Saturday, 3 August 2013
South Sudan’s new government must quickly enact oil laws
Global Witness called on South Sudan’s government to swiftly enact the Petroleum Revenue Management Bill, a vital piece of legislation that will govern how income from the country’s oil sector will be managed. The call came as President Kiir named new ministers following a major cabinet reshuffle this week.
“According to oil minister Stephen Dhieu Dau, reappointed following the reshuffle, South Sudan is set to earn US$300 million from oil since production restarted in April,” said Global Witness Campaigner Emma Vickers. “The first tranche of income is due to arrive in state coffers any day now but there is no legal system in place to govern oil money. The new cabinet should make passing the Petroleum Revenue Management Bill a priority.”

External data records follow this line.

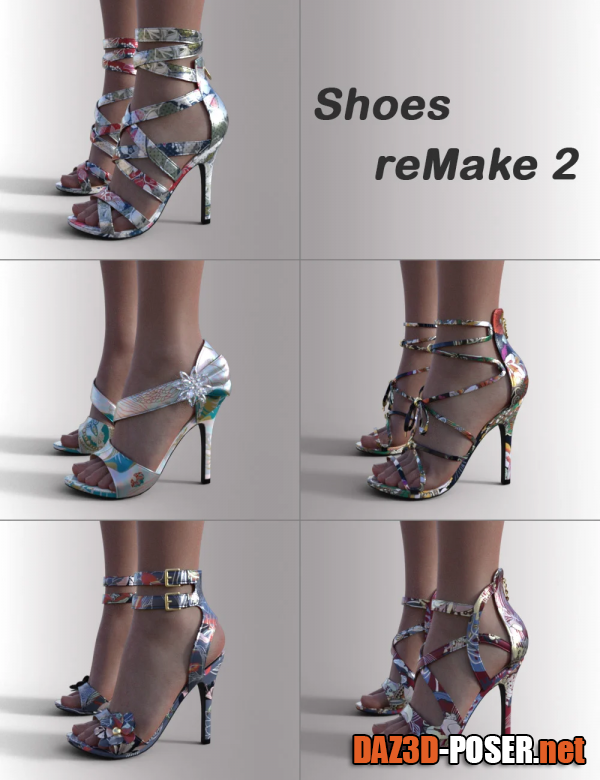 Dawnload Shoes ReMake 2 for Genesis 8.1 Females for free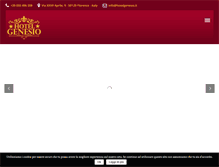 Tablet Screenshot of hotelgenesio.it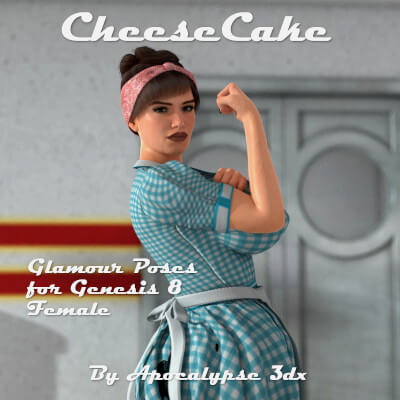 Cheesecake Poses for Genesis 8 Female
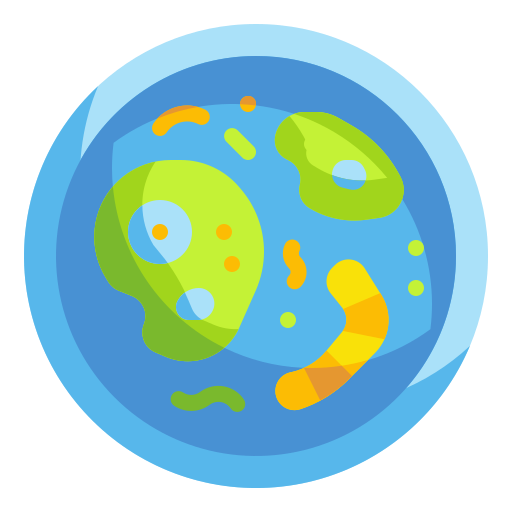 Bacteria Wanicon Flat icon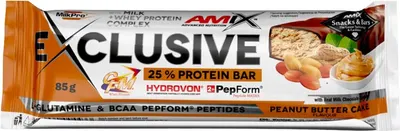Amix Exclusive Protein Bar · Торта с фъстъчено масло · 85 г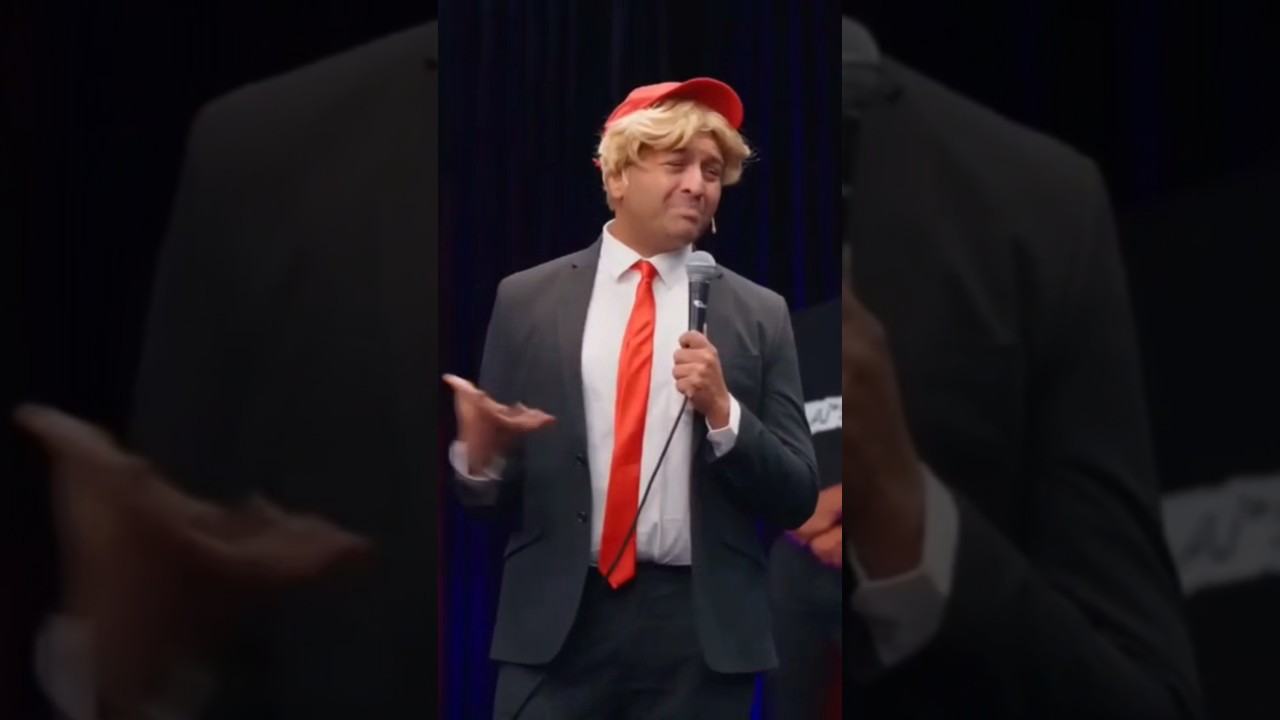When Donald Trump meets India Got Latent Season 2 energy 🇮🇳😂 #shortsfeed #shorts #viralshorts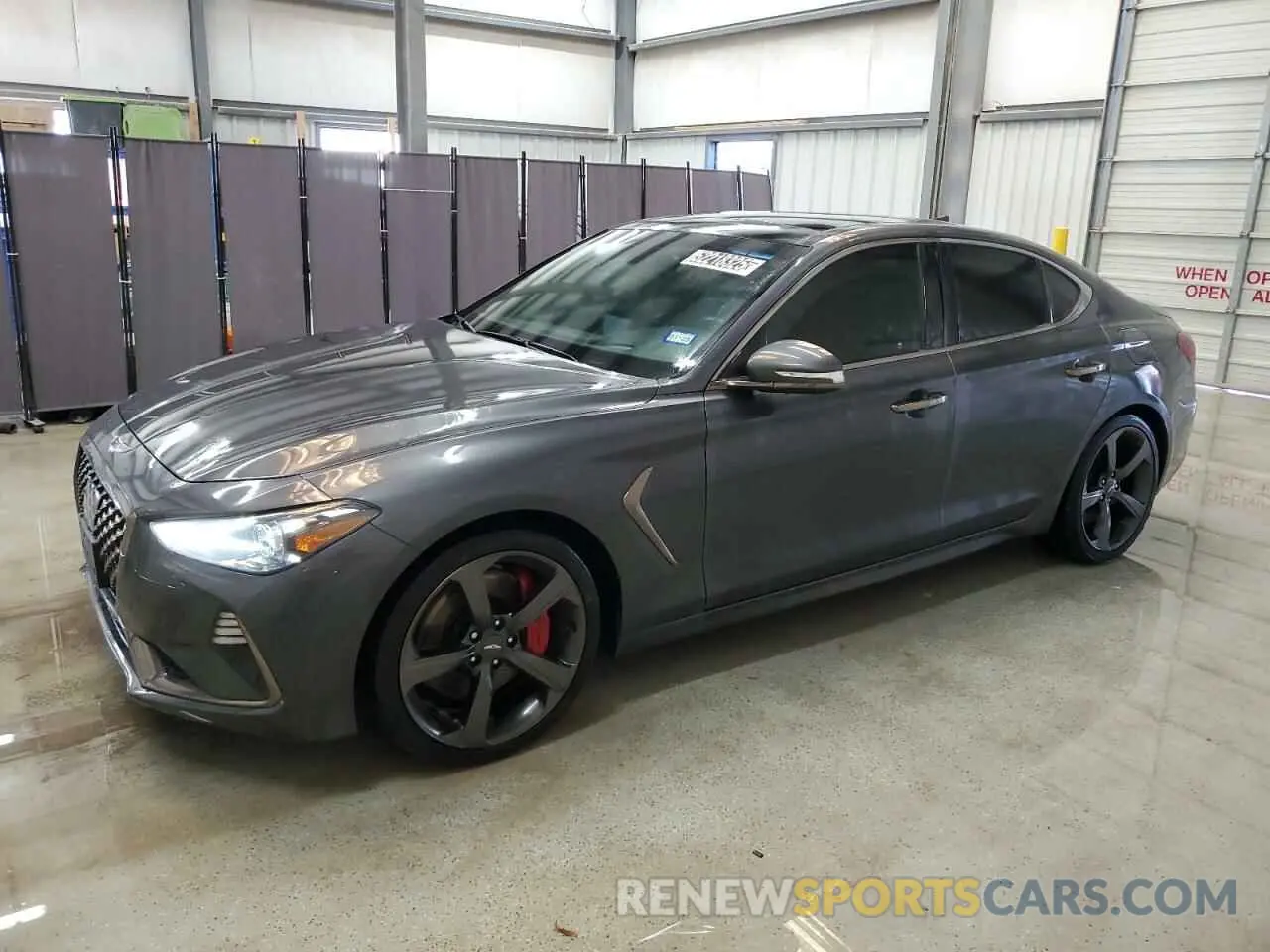 1 Photograph of a damaged car KMTG34LE9KU021057 GENESIS G70 2019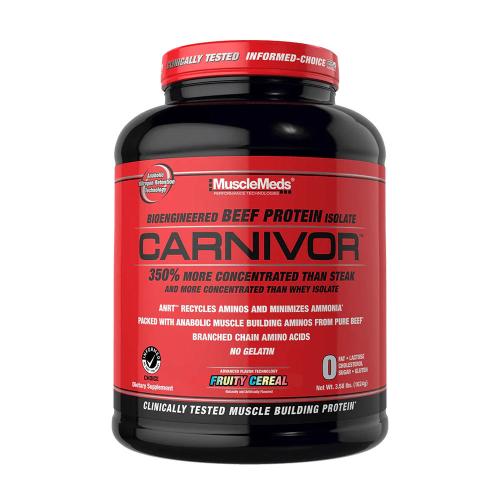 MuscleMeds Carnivor™ 100% Beef Protein (1624 g, Fruity Cereal)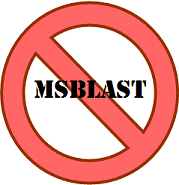 No MSBlast virus logo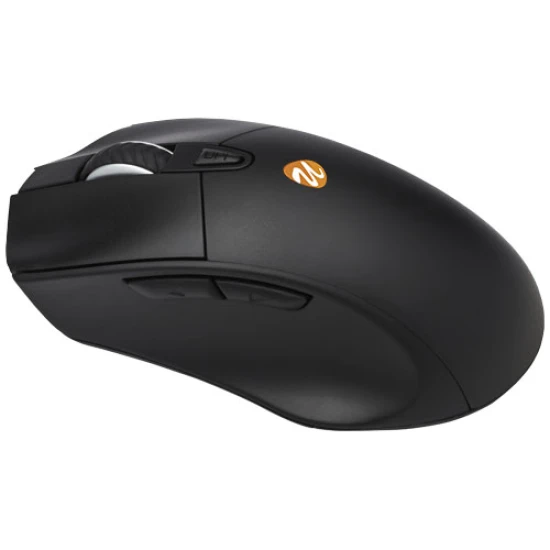 Draadloze muis | Antibacterieel additief | 2 x AA batterijen | Kunststof | zwart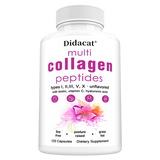 Multi Collagen Peptides Softgel - Type I, II, III, V, X for Women & Men, Supports Skin Hair Nail & Joint Health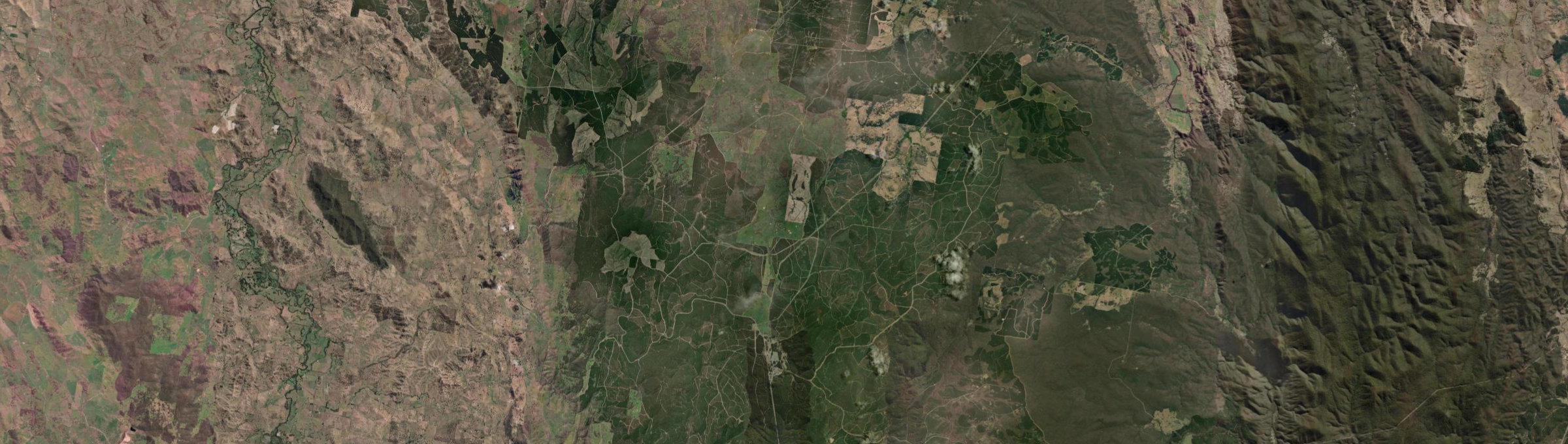 Aerial view of Tumorrama, NSW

The Bill, passed by the Parliament last month but yet to be signed into law, will govern the country’s oil revenues, which make up 98% of the national budget. Specifically, it sets out key requirements for how South Sudan’s oil revenues will be collected, managed, audited and reported, including that:
· All incomes from oil must be directed to a single account;
· The incomings, outgoings, and performance of this account must be publicly reported on a quarterly and monthly basis by the Bank of South Sudan and the Ministry of Finance;
· Monthly savings must be made to protect against the boom and bust of oil shocks, and to provide for future generations.
If passed intact and implemented comprehensively, the Petroleum Revenue Management Bill holds enormous potential to help South Sudan avoid the pitfalls of mismanagement, corruption and capital flight which have plagued so many other oil-rich nations. However, concerns have been raised about the government’s commitment to act on its own disclosure requirements. The Petroleum Act, a separate law regulating the day-to-day operations of the oil sector, was passed last year but so far no information has been published about agreements apparently negotiated since independence.
“Ongoing disputes with Khartoum and the threat of an imminent shutdown mean that future income from the petroleum sector is far from assured so it’s vital that the millions of dollars received now are managed responsibly,” continued Vickers. “The Bill is strong but until the new cabinet passes the law and makes implementation a reality, it is just words on paper.”